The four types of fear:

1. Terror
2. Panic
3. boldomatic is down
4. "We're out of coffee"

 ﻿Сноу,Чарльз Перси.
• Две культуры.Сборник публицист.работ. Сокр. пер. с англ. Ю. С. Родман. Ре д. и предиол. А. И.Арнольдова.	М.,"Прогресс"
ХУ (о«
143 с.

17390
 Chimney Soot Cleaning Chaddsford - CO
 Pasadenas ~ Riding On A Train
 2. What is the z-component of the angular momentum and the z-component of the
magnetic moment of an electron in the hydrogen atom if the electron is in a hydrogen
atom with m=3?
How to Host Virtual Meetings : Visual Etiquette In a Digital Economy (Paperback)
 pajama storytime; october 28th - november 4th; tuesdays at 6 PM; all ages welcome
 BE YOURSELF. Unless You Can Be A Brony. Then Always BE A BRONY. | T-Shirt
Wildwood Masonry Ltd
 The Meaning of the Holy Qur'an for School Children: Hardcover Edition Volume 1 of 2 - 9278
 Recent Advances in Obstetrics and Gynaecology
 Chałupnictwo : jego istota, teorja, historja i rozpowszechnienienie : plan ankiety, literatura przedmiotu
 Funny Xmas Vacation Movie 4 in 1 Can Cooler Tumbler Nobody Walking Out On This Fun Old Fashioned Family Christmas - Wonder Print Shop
--
Task item: List the lines of the records where "atom" occurs.

Written answer:
magnetic moment of an electron in the hydrogen atom if the electron is in a hydrogen
atom with m=3?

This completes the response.